Aim of the task:
In full and word for word, copy the listing; no pictures belong in the copy.

Stored data:

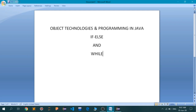Hello and welcome to the video lecture series brought to you by St Andrews Institute of Technology and Management. My name is Ravinder. I am an assistant professor with the ETCE department. We are discussing the subject called Object Technologies and Programming in Java, and for the last few lectures we have been discussing the very basics of Java language.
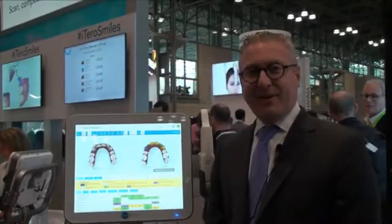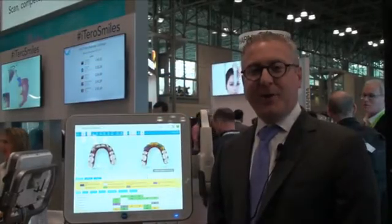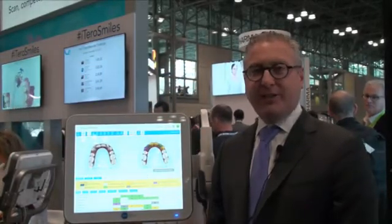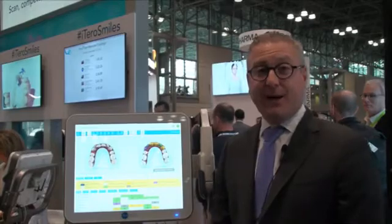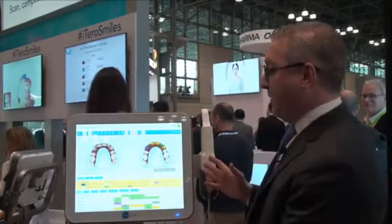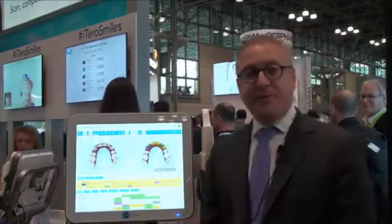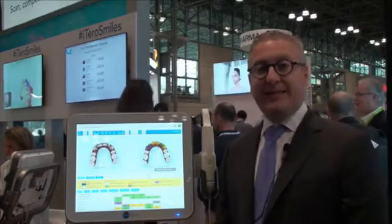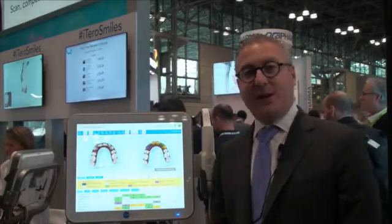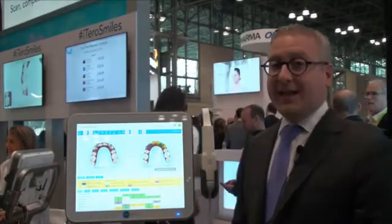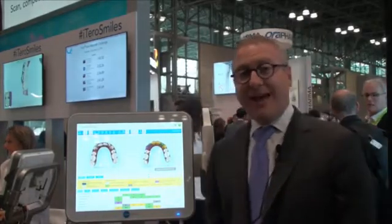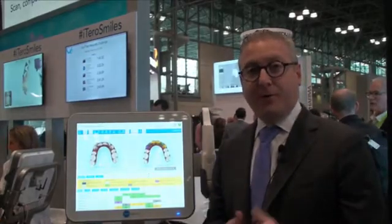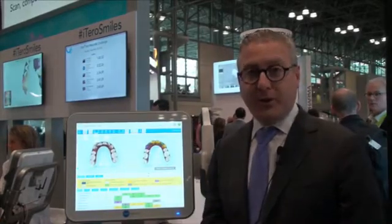Hi, I'm David Galler, and we're here at the Greater New York Dental Meeting. I want to show you some of the new changes that just happened to the iTero Element. This is the iTero Element that's been around for a few years and has been very big in the scanning, Invisalign, and restorative worlds. Just in the last three weeks, they have changed the software and added a few new things I want to show you.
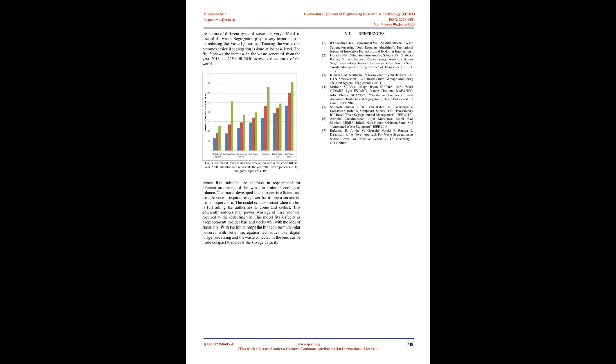Figure 3: Estimated increase in waste production across the world till the year 2050. The blue data represents the year 2016, red represents 2030, and green represents 2050. Hence this indicates the increase in requirement for efficient processing of the waste to maintain ecological balance. The model developed in this paper is efficient and durable since it requires less power for its operation and no human supervision. The model can also detect when the bin is full asking the authorities to come and collect. This efficiently reduces manpower, wastage of time and fuel required by the collecting van. This model fits perfectly as a replacement to older bins and works well with the idea of smart city. With the future scope the bins can be made solar powered with better segregation techniques like digital image processing and the waste collected in the bins can be made compact to increase the storage capacity.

Solution to this exercise:
Hello and welcome to the video lecture series brought to you by St Andrews Institute of Technology and Management. My name is Ravinder. I am an assistant professor with the ETCE department. We are discussing the subject called Object Technologies and Programming in Java, and for the last few lectures we have been discussing the very basics of Java language.
Hi, I'm David Galler, and we're here at the Greater New York Dental Meeting. I want to show you some of the new changes that just happened to the iTero Element. This is the iTero Element that's been around for a few years and has been very big in the scanning, Invisalign, and restorative worlds. Just in the last three weeks, they have changed the software and added a few new things I want to show you.
Figure 3: Estimated increase in waste production across the world till the year 2050. The blue data represents the year 2016, red represents 2030, and green represents 2050. Hence this indicates the increase in requirement for efficient processing of the waste to maintain ecological balance. The model developed in this paper is efficient and durable since it requires less power for its operation and no human supervision. The model can also detect when the bin is full asking the authorities to come and collect. This efficiently reduces manpower, wastage of time and fuel required by the collecting van. This model fits perfectly as a replacement to older bins and works well with the idea of smart city. With the future scope the bins can be made solar powered with better segregation techniques like digital image processing and the waste collected in the bins can be made compact to increase the storage capacity.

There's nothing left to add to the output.